───── Record excerpts ─────

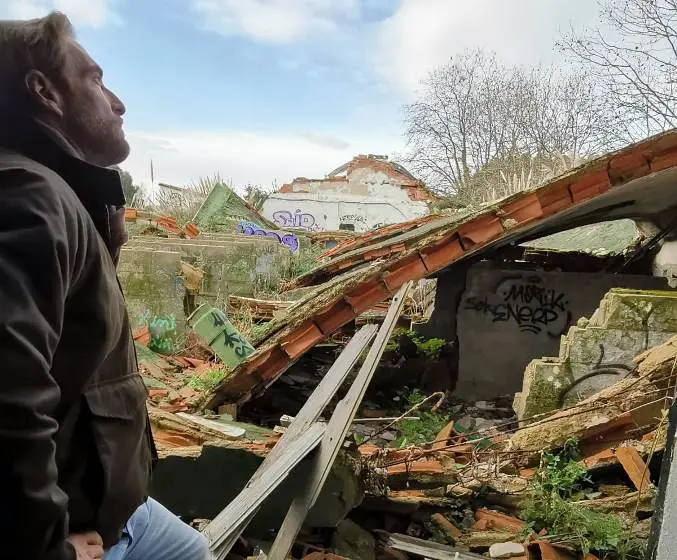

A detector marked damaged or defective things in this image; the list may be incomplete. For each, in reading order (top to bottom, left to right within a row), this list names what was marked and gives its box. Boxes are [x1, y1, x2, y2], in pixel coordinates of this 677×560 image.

broken wooden plank [270, 284, 412, 560]
broken wooden plank [616, 444, 652, 492]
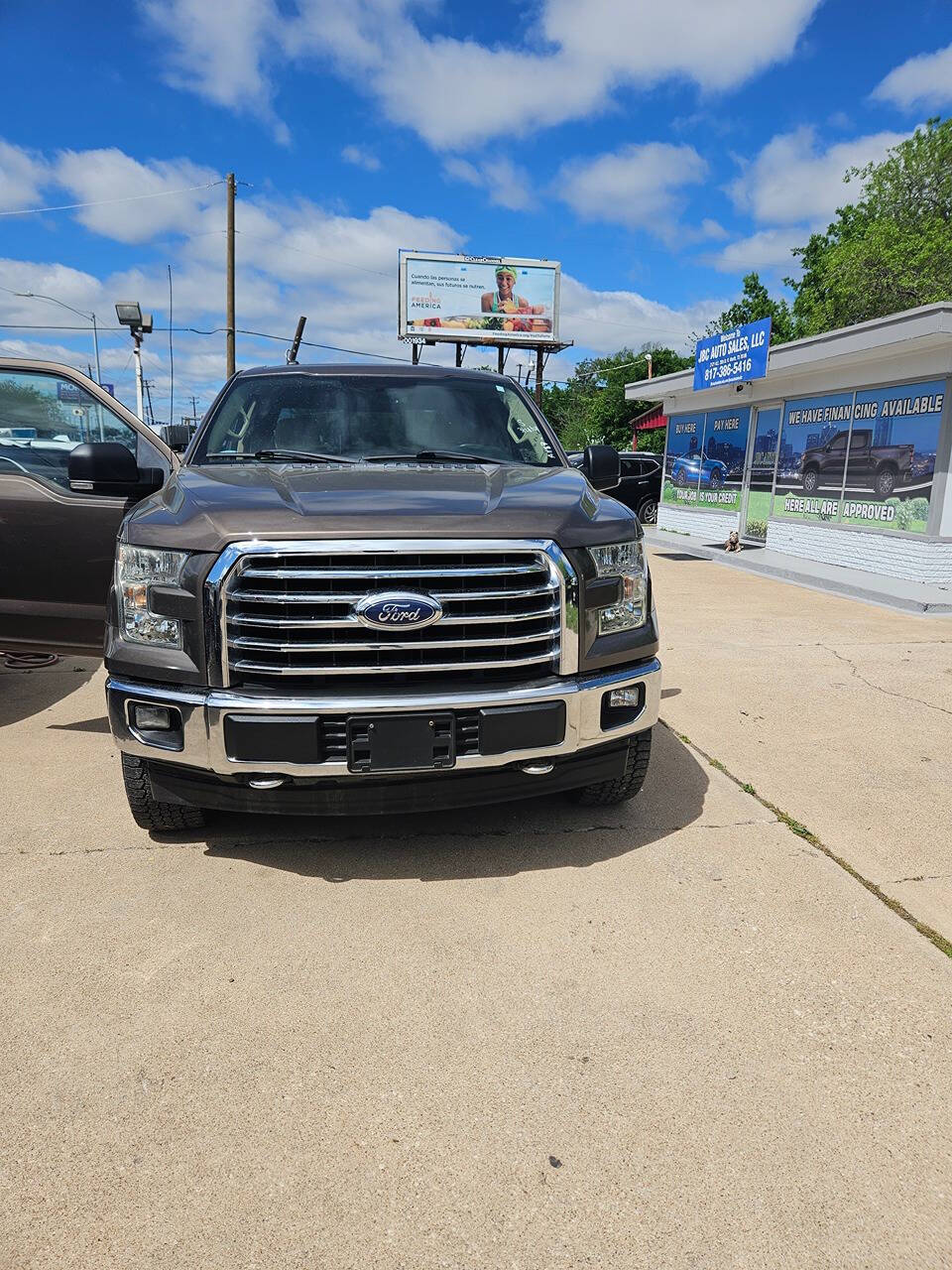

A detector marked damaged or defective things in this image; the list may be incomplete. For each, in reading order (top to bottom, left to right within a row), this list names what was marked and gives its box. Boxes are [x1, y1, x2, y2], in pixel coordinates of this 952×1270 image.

crack in concrete [822, 645, 952, 715]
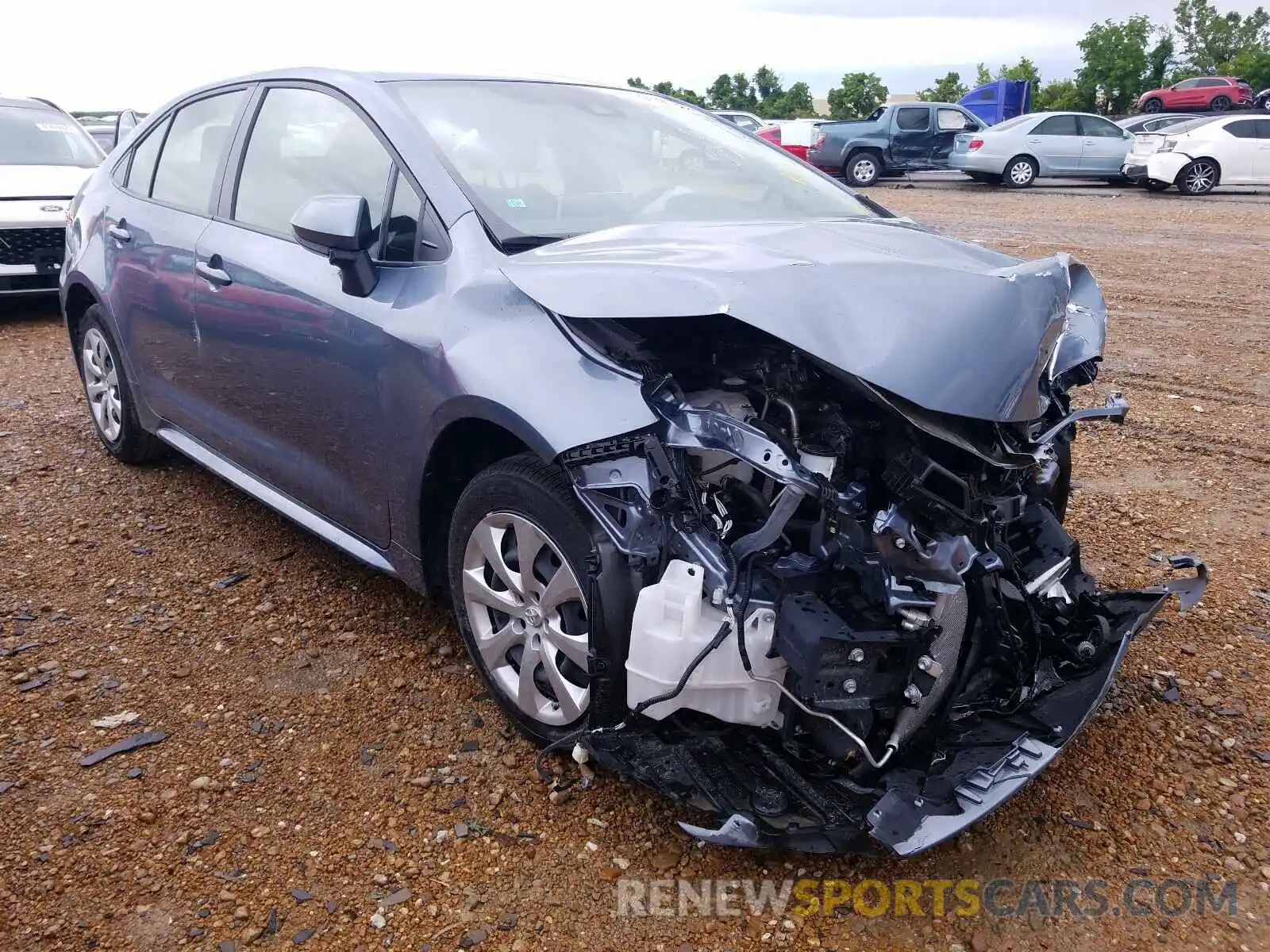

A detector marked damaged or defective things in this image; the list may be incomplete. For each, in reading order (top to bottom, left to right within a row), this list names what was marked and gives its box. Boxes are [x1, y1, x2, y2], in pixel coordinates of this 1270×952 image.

crumpled hood [0, 163, 94, 200]
damaged gray sedan [64, 68, 1203, 858]
crumpled hood [500, 222, 1107, 424]
crushed front end [551, 286, 1203, 863]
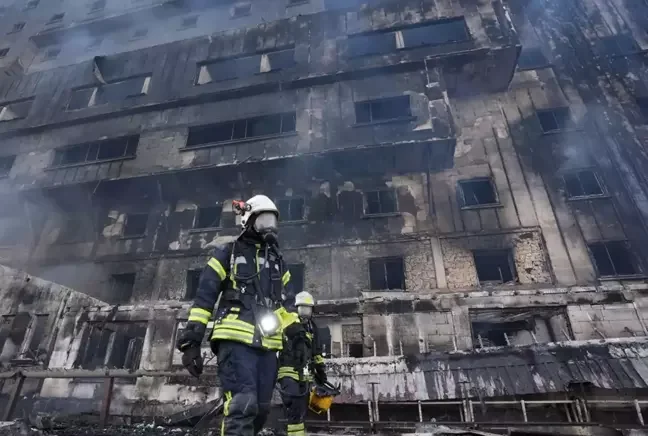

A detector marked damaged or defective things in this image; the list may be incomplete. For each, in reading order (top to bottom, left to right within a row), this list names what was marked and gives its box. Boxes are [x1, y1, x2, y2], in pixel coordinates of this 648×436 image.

broken window [195, 48, 296, 85]
broken window [346, 30, 398, 57]
broken window [402, 17, 468, 48]
broken window [516, 47, 548, 70]
broken window [596, 33, 636, 56]
broken window [0, 97, 33, 121]
burned window frame [0, 96, 33, 122]
broken window [187, 111, 296, 147]
burned window frame [186, 111, 298, 149]
broken window [354, 95, 410, 122]
burned window frame [352, 94, 412, 123]
broken window [536, 107, 572, 132]
burned window frame [536, 107, 576, 133]
burned window frame [51, 135, 139, 168]
broken window [52, 135, 139, 166]
broken window [121, 213, 147, 237]
burned window frame [192, 205, 223, 230]
broken window [192, 206, 223, 230]
burned window frame [274, 198, 304, 223]
broken window [278, 199, 306, 223]
broken window [364, 191, 394, 216]
burned window frame [362, 189, 398, 216]
broken window [458, 177, 498, 208]
burned window frame [456, 178, 502, 210]
broken window [564, 169, 604, 198]
burned window frame [560, 169, 608, 199]
broken window [110, 272, 135, 304]
broken window [184, 270, 201, 300]
broken window [288, 262, 306, 292]
broken window [370, 258, 404, 292]
burned window frame [370, 258, 404, 292]
broken window [470, 250, 516, 284]
burned window frame [470, 250, 516, 284]
broken window [588, 240, 636, 278]
burned window frame [584, 240, 640, 278]
broken window [470, 308, 568, 350]
broken window [75, 322, 146, 370]
burned window frame [75, 320, 146, 372]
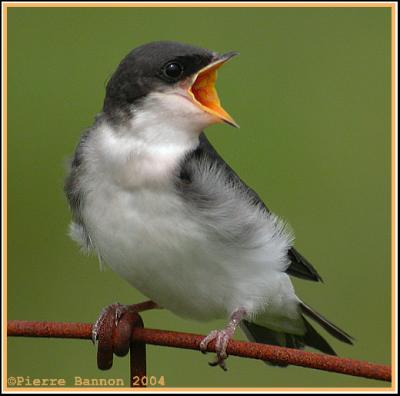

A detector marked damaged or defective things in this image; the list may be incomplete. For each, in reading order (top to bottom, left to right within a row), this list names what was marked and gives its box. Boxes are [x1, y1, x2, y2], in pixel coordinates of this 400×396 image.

rusty wire [7, 318, 392, 386]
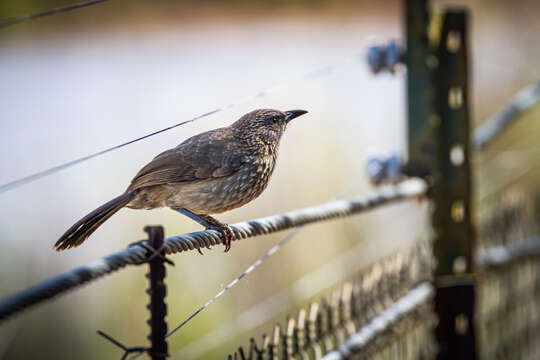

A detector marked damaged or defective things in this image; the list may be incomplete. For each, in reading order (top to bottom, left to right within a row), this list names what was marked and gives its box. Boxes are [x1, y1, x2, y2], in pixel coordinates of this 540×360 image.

rusty fence post [146, 226, 169, 358]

─────

▶ _Work instructions_: Starting at the line with "this 540×360 image.", copy every line up to and including the last one in the entries above.

▶ _Written response_:
A detector marked damaged or defective things in this image; the list may be incomplete. For each, in reading order (top to bottom, left to right within a row), this list names what was marked and gives its box. Boxes are [x1, y1, x2, y2], in pixel coordinates of this 540×360 image.

rusty fence post [146, 226, 169, 358]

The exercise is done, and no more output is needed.